Charlotte A. Allsop and Dr. Barbara Heise, Gerontological Nursing
Dementia is manifested by a severely limited memory and performance of cognitive abilities. Mild Cognitive Impairment (MCI) is an early stage of memory loss which can later lead to Dementia. It has been proven that you can delay cognitive dysfunction, e.g. memory, by “training the brain” through various cognitive exercises. However, those with MCI are difficult to detect because their memory loss is subtle. The purpose of this study is to first, enhance MCI recognition in elderly individuals and second, to determine the efficacy of memory training in the community.
This study was conducted in the Orem, Utah Senior Center (Friendship Center). A convenience sample of four (4) men and women ages 65 and older living in the community participated. The four participants had to score above 24 (sever cognitive impairment) and below 30 (no cognitive impairment) on The Mini-Mental Status Examination (MMSE) given to them the first time they met with the principal investigator. The study consisted of a memory training program based upon the methods of Dr. Ryuta Kawashima, a Japanese Neuroscientist. The four participants met once a week for six weeks at the senior center with the principle investigator and completed simple timed mathematical homework (multiplication, division, addition, subtraction) during the days in between. The Mini-Mental Status Examination (MMSE) was given to each participant separately the first week as well as after the program ended in order to assess the progress of cognitive function. Participants filled out a Geriatric Depression Scale (GDS), a demographic information sheet as well as a health history before the program began. The once a week meetings consisted of counting aloud to 120 as quickly as possible, memorization of words in two minutes, and reading aloud 30 colored words of a different color as fast as possible (e.g. the word red was colored yellow and read aloud as yellow). All of these tasks were timed each week. The Principal Investigator made notes of their response time and speed of processing during the memory program. Data analysis included Frequency and Descriptive properties of the MMSE scores before and after the memory training. Improvement time was recorded and averaged for the tasks done each week over the six week period. Themes were found among the Principal Investigator’s notes of the participants.
Mild cognitive impairment is manifested by subtle symptoms, but can be detected by simply administering the MMSE. All four participant MMSE scores increased after the six week program. The mean MMSE score before the memory training was 28.25 (30 is the highest you can score) with a standard deviation of .957. The mean score after training was 29.25 with a standard deviation of .957. Participants’ recorded task times did not consistently improve each week. However, each participant enhanced in observed themes of cooperation, focus, response time and speed of processing throughout the six weeks.

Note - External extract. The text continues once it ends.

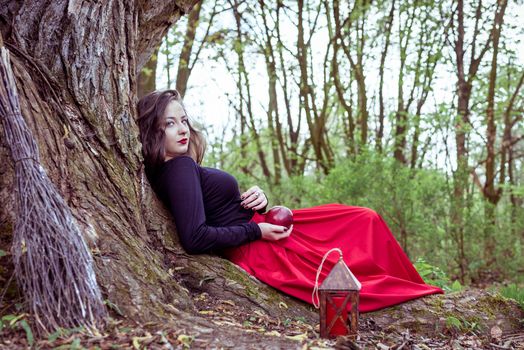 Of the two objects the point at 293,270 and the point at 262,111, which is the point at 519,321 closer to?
the point at 293,270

Follow-up studies should be constructed based upon Dr. Kawashima’s methods in a longer study with more participants to further assess the effectiveness of these memory training tools. However, based upon the results stated above, recognition of MCI should be a higher priority in the community. Implementation should be executed in Senior Centers and within healthcare settings to better prevent the fast progression of dementia. Increased awareness of cognitive function as well as provided memory training programs to those with MCI will improve dementia treatment from tertiary care to primary or prophylactic care. Prolonged memory function would result in less money spent upon dementia in the community as well as an increased sense of well being and heightened function of those who have memory impairment.

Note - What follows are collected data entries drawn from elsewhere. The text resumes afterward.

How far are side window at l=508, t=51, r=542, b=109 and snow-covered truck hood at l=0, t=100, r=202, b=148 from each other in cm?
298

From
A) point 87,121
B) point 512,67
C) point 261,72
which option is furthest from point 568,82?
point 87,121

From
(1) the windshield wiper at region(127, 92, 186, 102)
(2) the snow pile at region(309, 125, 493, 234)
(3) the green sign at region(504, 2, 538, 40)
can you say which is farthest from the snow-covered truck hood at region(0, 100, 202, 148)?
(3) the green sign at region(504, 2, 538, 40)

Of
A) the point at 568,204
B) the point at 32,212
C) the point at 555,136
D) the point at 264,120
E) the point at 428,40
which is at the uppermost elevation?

This study was presented as a power point presentation by me, the principal investigator, at the November 3rd 2008 Nursing Research Conference, co-sponsored by Intermountain Healthcare and Brigham Young University.
One of the greatest challenges that I observed while implementing my study was the difficulty in obtaining continual participation from seniors in the senior center. My four participants out of the 15-20 total participants are the only ones who stayed the entire six weeks and completed the homework. The most reported reason for non-continual participation was other activities with family or visitors. More hours of availability by the implementer may increase involvement as well as an increased amount of teaching of the importance of continual participation. I also realized how individualized the memory training is. Each participant needs one-on-one time with a helper (me) to make sure there are no mistakes and that the times are correctly recorded.

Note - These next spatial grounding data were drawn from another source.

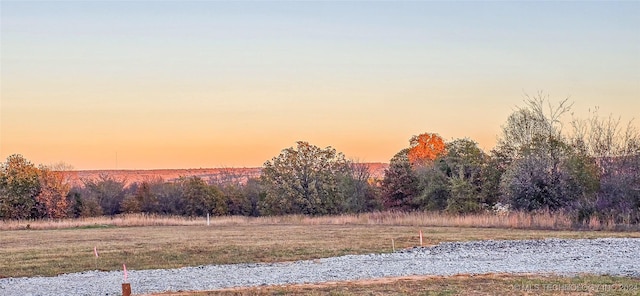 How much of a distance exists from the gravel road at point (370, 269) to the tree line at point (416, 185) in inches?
525

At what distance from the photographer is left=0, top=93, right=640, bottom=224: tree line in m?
42.1

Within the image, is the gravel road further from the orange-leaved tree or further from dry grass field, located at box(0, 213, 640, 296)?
the orange-leaved tree

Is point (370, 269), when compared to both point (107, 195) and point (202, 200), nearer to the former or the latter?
point (202, 200)

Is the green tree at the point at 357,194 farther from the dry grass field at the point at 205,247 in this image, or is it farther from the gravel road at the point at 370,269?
the gravel road at the point at 370,269

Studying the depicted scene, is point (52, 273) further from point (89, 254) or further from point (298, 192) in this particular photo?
point (298, 192)

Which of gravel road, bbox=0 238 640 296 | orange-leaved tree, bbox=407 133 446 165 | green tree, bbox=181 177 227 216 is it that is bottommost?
gravel road, bbox=0 238 640 296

The greatest thing I learned from this study is that memory training is like life insurance. Just as you insure your life, you need to insure your memory with prophylactic cognitive training. I am graduating in April, 2009 in nursing and will be able to educate patients and other employees about memory training benefits as well as implement cognitive exercises to patients when appropriate.
References
- Ball, K., Berch, D. B., Helmers, K. F., et al. (2002). Effects of Cognitive Training Interventions with Older Adults. The Journal of the American Medical Association, 288(18), 2271-2281
- Beers, M. H., (2006). The Merck Manual of Geriatrics. Delirium and Dementia, 40.
- Winblad, B., Palmer, K., Kivipelto, M. et al (2004). Mild cognitive impairment – beyond controversies, towards a consensus; report of the International Working Group on Mild Cognitive Impairment. Journal of Internal Medicine, 256, 240-246.